Mecsei says Sami filmmaking has shifted from making films about the Sámi people to making Sámi films.
She adds that it used to be Norwegian directors and Norwegian filmmakers who made movies about the Sámi people or that included Sámi characters. But now the Sámi are beginning to convey their history and stories themselves, creating movies and getting involved in film production both in front of and behind the camera.
“Genuineness and authentic storytelling are important,” Mecsei says. “No longer can you just insert some actor that sort of looks like a Sámi to play a Sámi, but now you have to be a Sámi. Moving from an outside perspective to an interior perspective echoes the paradigm shift that is marked in Sámi cultural history by the conflict over the Alta-Kautokeino river. I’m looking at how this turn of events gives new insights into Sámi identity-building through filmmaking.”
Pathfinder – and Ante
Pathfinder remains a significant turning point: a Sámi director tells a Sámi story related to a Sámi legend; the actors are Sámi, a Sámi composer is responsible for much of the music, and the language of the film is Sámi. The film becomes a huge success, and helps strengthen cultural identity and pride.
But before Pathfinder, there was Ante – a television series about a boy of the same name, who is sent away to boarding school, but all he wants is to be on the plateau working with the family’s herd of reindeer.
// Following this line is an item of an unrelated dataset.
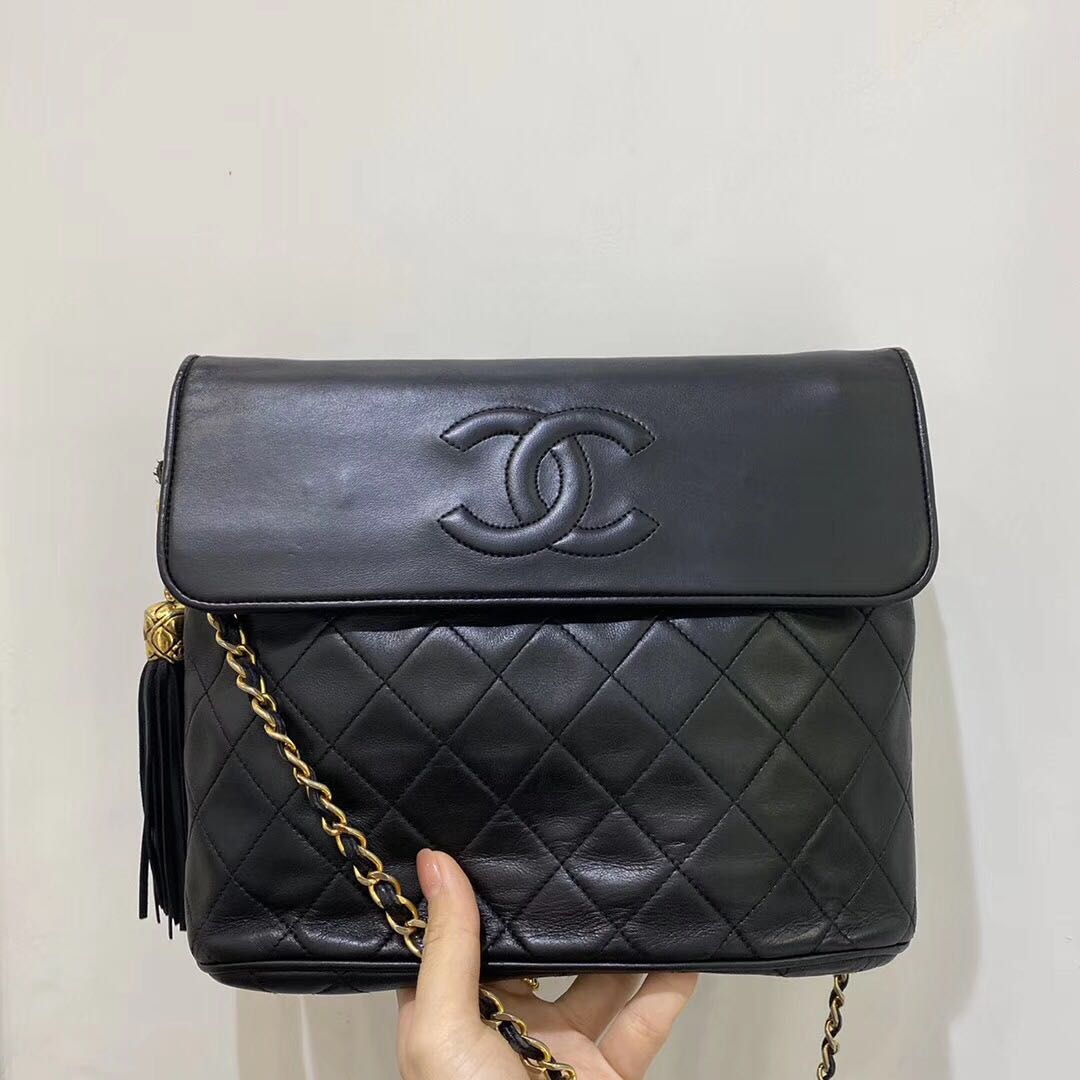 Chanel Bag, 女裝, 女裝袋 ＆ 銀包 Carousell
This series was aired on NRK in the mid 1970s, reaching a whole generation of children and youth. Many who don’t remember the content remember the joik theme song – a traditional form of Sámi singing.
“This film was the forerunner of a new trend. For the first time, the joik was an important element in the film, and also importantly, Sámi was spoken. The dark history of Norwegianization was told via the medium of film for the first time. Children and young people learned about a part of Norwegian history that most of them knew little about,” says Mecsei.
She adds, “Ante shaped an entire generation’s idea and awareness of Sámi culture. It was very important in Sámi – and Norwegian – film history, but it hasn’t garnered the same status as some other films, like Pathfinder, probably because the TV series was directed at children.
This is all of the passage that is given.